Got a new flash for my camera last week so tested it out on a couple of skinks ive found in the past week! 

hope you like the pics


couldnt lure one of these out this time!




Cunningham's Skink (Egernia cunninghami) by Nick Volpe, on Flickr


These skinks are actually pretty cool! pain to get good pics of though




Eastern Three-Lined Skink (Acritoscincus duperreyi) by Nick Volpe, on Flickr


FINALLY got a pic of these guys! seen so many but never got pics!
a trashy looking one though




Tussock Skink (Pseudemoia pagenstecheri) by Nick Volpe, on Flickr



Tussock Skink (Pseudemoia pagenstecheri) by Nick Volpe, on Flickr



I love walking along streams for these guys!

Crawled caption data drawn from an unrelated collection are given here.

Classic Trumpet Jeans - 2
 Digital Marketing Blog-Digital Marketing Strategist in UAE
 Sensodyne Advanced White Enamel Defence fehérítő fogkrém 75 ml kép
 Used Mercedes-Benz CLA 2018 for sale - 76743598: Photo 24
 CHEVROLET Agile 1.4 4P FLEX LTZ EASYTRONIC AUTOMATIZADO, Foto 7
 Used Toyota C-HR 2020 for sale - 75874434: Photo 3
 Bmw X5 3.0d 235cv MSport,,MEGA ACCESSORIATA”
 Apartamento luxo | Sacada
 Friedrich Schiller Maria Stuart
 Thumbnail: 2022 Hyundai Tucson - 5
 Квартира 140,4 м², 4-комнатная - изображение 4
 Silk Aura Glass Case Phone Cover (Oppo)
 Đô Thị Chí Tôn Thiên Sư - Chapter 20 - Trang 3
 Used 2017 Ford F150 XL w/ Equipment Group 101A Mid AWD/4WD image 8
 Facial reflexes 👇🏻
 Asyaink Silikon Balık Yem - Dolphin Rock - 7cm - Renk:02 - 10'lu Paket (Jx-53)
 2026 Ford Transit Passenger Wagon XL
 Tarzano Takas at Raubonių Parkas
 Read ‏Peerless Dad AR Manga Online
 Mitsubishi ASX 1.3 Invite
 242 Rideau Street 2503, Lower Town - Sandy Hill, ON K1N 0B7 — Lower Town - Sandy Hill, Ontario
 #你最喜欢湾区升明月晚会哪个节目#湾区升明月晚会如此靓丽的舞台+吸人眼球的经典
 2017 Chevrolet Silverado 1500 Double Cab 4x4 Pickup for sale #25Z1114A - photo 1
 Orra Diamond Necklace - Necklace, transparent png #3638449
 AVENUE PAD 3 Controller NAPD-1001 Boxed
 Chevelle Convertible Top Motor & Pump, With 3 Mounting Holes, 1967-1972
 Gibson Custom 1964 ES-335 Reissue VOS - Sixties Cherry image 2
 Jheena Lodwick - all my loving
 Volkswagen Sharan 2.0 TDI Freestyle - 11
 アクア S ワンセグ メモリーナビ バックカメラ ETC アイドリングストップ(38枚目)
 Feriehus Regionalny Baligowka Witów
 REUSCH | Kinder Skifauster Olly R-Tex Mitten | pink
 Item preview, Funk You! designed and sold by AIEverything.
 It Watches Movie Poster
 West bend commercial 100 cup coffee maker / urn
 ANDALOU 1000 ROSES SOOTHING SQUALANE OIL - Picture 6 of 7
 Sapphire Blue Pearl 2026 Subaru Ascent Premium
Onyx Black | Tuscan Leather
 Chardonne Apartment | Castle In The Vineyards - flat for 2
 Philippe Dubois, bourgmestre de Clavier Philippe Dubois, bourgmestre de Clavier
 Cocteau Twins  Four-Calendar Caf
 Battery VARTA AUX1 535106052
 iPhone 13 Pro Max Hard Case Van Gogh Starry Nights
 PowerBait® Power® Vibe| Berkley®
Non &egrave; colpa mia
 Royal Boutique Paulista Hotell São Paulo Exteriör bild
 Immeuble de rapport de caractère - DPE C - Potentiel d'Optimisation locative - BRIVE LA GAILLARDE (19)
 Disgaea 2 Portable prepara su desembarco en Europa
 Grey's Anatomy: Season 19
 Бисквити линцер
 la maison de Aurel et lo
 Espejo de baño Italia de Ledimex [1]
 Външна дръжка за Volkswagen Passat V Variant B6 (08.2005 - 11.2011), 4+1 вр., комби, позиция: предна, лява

Southern Water Skink (Eulamprus tympanum) by Nick Volpe, on Flickr



Southern Water Skink (Eulamprus tympanum) by Nick Volpe, on Flickr


----------



## Elapidae1 (Dec 22, 2012)

Nice mate. Good colour in the last two shots particularly.


----------



## Bushman (Dec 22, 2012)

Good photos Nick. The new flash works a treat! Do you have a diffuser on it?
What gear are you using?


----------



## Shotta (Dec 22, 2012)

Cool pics nicely done thanks for sharing


----------



## richoman_3 (Dec 22, 2012)

Bushman said:


> Good photos Nick. The new flash works a treat! Do you have a diffuser on it?
> What gear are you using?



Got a canon 60D with a 100mm f2.8 macro lens and 2 430EXII speedlights .. no diffusers

thanks all!


----------



## Cunninghamskinks (Aug 13, 2013)

where did you go when you took the pictures


----------



## Bushman (Aug 13, 2013)

richoman_3 said:


> Got a canon 60D with a 100mm f2.8 macro lens and 2 430EXII speedlights .. no diffusers
> 
> thanks all!


Thanks. You're getting good results with it.


----------



## MathewB (Aug 13, 2013)

You make me jealous in every respect. Awesome shots, love the water skinks!


----------



## GeckoJosh (Aug 14, 2013)

Very nice Nick!

Can I just give some friendly feedback, when staging pics try to hide the roots in the background, uprooted & arranged plants does not look all that natural.


----------



## richoman_3 (Aug 14, 2013)

Haha cheers!

ewww old pics! .... ive learnt from that ages ago Josh lol !


----------



## jordanmulder (Aug 16, 2013)

The second tussock skink shot is awesome mate!


----------



## GeckoJosh (Aug 16, 2013)

richoman_3 said:


> ewww old pics! .... ive learnt from that ages ago Josh lol !





richoman_3 said:


> Got a new flash for my camera last week so tested it out on a couple of skinks ive found in the past week!



Nice try Nick


----------



## richoman_3 (Aug 16, 2013)

Dude read the date 
from last year!


----------



## Tesla (Aug 16, 2013)

No volpe pose? Disappointed


----------



## GeckoJosh (Aug 16, 2013)

richoman_3 said:


> Dude read the date
> from last year!


 



Touche 
*Facepalms* :facepalm:


----------